OSHA first issued the proposed rule in November 2007. The post hearing for this proposed rule was completed in October 2008, and the incoming Obama administration will be driving this forward. This new rule governing the construction industry is expected to go into effect at the end of 2009. Employers will then have a period of time to come into compliance. In the meantime, proactive companies in this industry are already moving toward compliance or at least to 29 CFR 1910.146 requirements.
Selecting a multi-gas monitor
Multi-gas monitors are an essential part of a confined-space entry program. At a minimum, the device should monitor several hazards simultaneously: oxygen deficiency and enrichment; the lower explosive limit (LEL) of a combustible gas or vapor; carbon monoxide; and hydrogen sulfide.
In addition to these gases, a photoionization detector (PID) sensor can be employed in some of today’s multi-gas monitors for protection against a broad range of volatile organic compounds (VOC) such as benzene, xylene and toluene. The airline industry is using this technology for low-level detection of jet fuel.
Today, the best performance comes from a gas monitor equipped with an internal pump and external hose with a hydrophobic filter. The internal pump allows for easy pre-testing of the confined space and limits the amount of accessories involved in the process. Diffusion monitors are still very popular for their small size and cost. External motorized pumps are now a commonly available option. Well-equipped workers often carry a confined space kit. A common kit could include a multi-gas monitor with pump and 10-foot sampling hose for pre-testing, spare batteries, quad-gas cylinder for functional testing and calibration with gas regulator.
Functional test prior to use
Advancements in sensor technology have allowed for longer intervals between calibrations of the monitor, up to 180 days. A functional test prior to each day’s use ensures that the sensors provide an adequate response to gas and generate the appropriate alarms throughout this interval. The two methods used today are:
- Bump test: (qualitative) a functional check that passes a challenge gas over the sensors to activate audio, visual and other alarms
- Calibration check: (quantitative) a bump test using a known concentration of a challenge gas to demonstrate that an instrument’s response to the gas is within acceptable limits.
Increasing in popularity is the use of a docking station that will automatically do the functional test, calibrate, record data and charge the monitors. If evidence of proper maintenance and care of a gas detector is needed, docking stations provide objective proof that procedures are being followed.
Pre-testing and monitoring
Today’s gas monitoring equipment has come a long way from the miner’s canary and is rugged, affordable and easy to use. Workers need to have a personal multi-gas monitor to perform the required atmospheric pre-testing and continuous monitoring. When in doubt, take it out and turn it on.
An atmospheric pre-test of the confined space is required and proper procedures must be followed. Two important factors to be considered are gas stratification and response time.

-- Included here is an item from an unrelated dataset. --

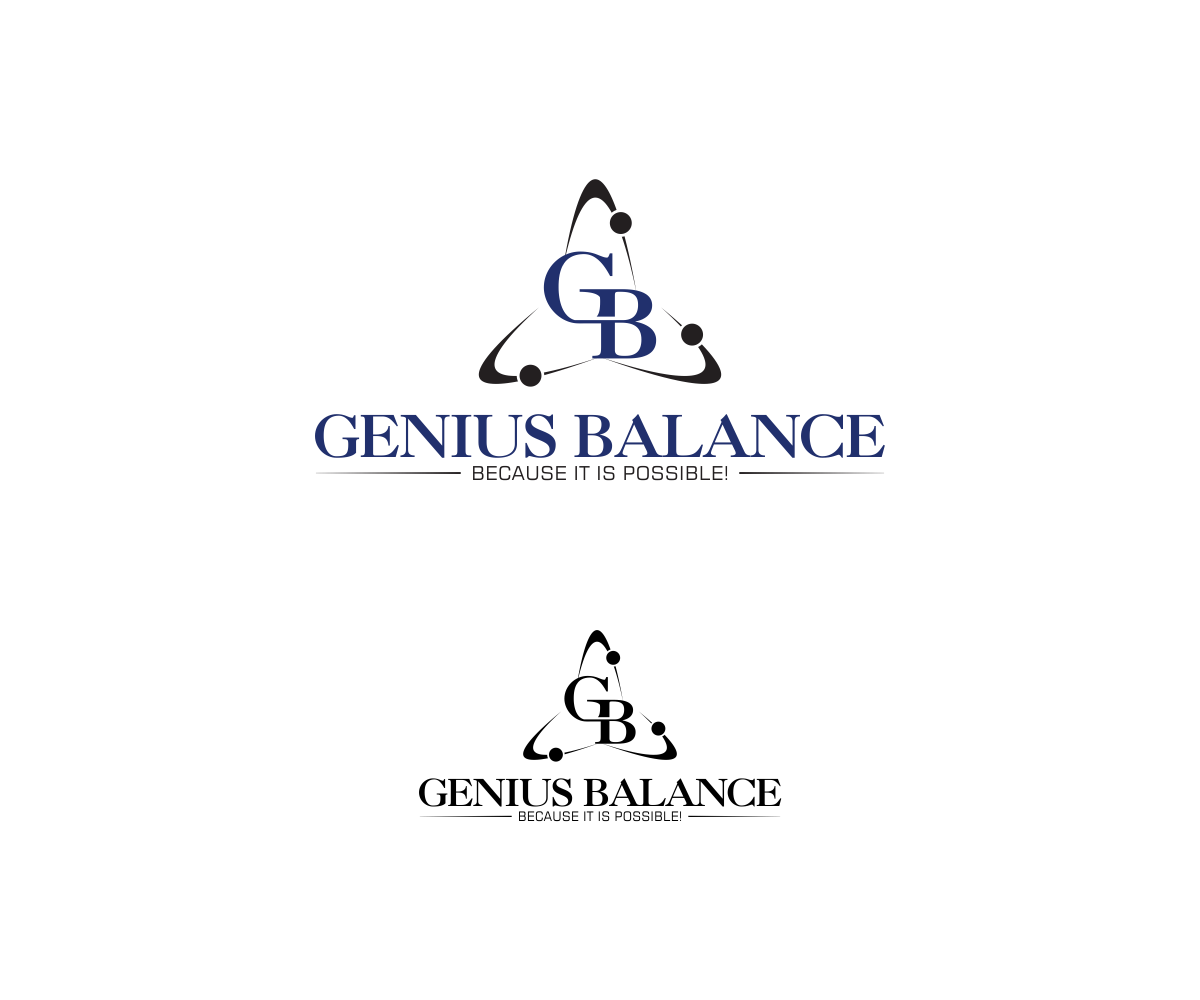 Diseño de Logo por moisesf para Genius Balance | Diseño #19438219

Gas stratification occurs in a static environment in which a particular gas will “hang out” based on its vapor density. Because of stratification, pre-testing involves taking readings at the top, middle and bottom of the confined space. Make sure adequate time is taken at each interval to account for T90 response time of the sensors (typically less than 30 seconds) and length of hose.
A non-eventful pre-test does not preclude continuous atmospheric monitoring in the confined space. As simple as this sounds, it is not always followed and conditions can change in an instant. An estimated 20 percent of workers fail to use gas monitors properly, if at all. Training is crucial to ensure all workers follow the proper protocol.
Most confined space deaths from atmospheric hazards are preventable. Whether you are new to gas monitoring, or a wellseasoned veteran, confined space recognition and proper instrument use saves lives. Become complacent and you could become a fatality statistic.